Su questo, però, la “critica alla critica” dovrebbe sforzarsi di riscoprire e mostrare tutti i guadagni, sia in termini della tanto abusata efficienza e sia in termini di efficacia, restituiti dall’interpretazione, della decisione e dall’azione prodotti dalla sintesi di un gruppo. Guadagni non solo in termini di raggiungimento degli scopi e di accuratezza della decisione, ma anche guadagni sociali, addirittura sanitari ed economici.
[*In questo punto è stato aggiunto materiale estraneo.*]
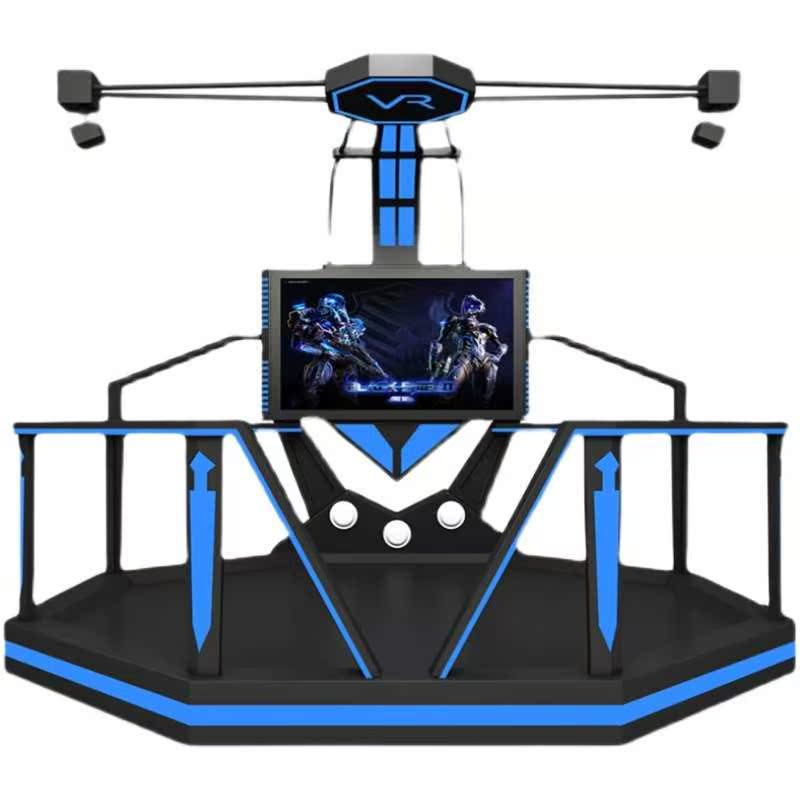 2025年NOLO X1 4K VR一体机对比评测：与Ocu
In ogni caso, la scelta è politica e deve essere chiara: o si fa parte di qualcosa, al netto di assurdità e derive, con tutti gli oneri e gli onori, oppure non si fa parte e si decide di intraprendere autonomamente un percorso, seguendo la propria singolarità o quella di altri. Vero è che interpretarsi nel contesto dell’azione politica e sociale come non essenziali, non protagonisti e oggettivamente incompleti stoni totalmente con la nostra educazione e con l’aspettativa che questa società iper-competitiva ha di noi. Nell’eterna gara quotidiana, dove siamo tutti continuamente drogati da esempi di “chi ce l’ha fatta” e siamo tutti spinti dalla falsa promessa della possibilità e nella necessità di arrivare primi, pensare qualcosa di diverso è complesso, un vero e proprio sforzo interpretativo. Uno sforzo quasi paradossale, perché non serve andare storicamente lontano per conoscere modelli partecipativi anche molto avanzati espressioni di collettività ben definite. Certo, il contesto era diverso. Per questo la sfida infatti è cercare di rimodulare i principi e i valori fondanti di una esperienza passata all’attuale stato di cose. Iniziare a guardare al passato non nella finitezza della sua esperienza, ma come un interlocutore pronto a restituirti le basi per il futuro.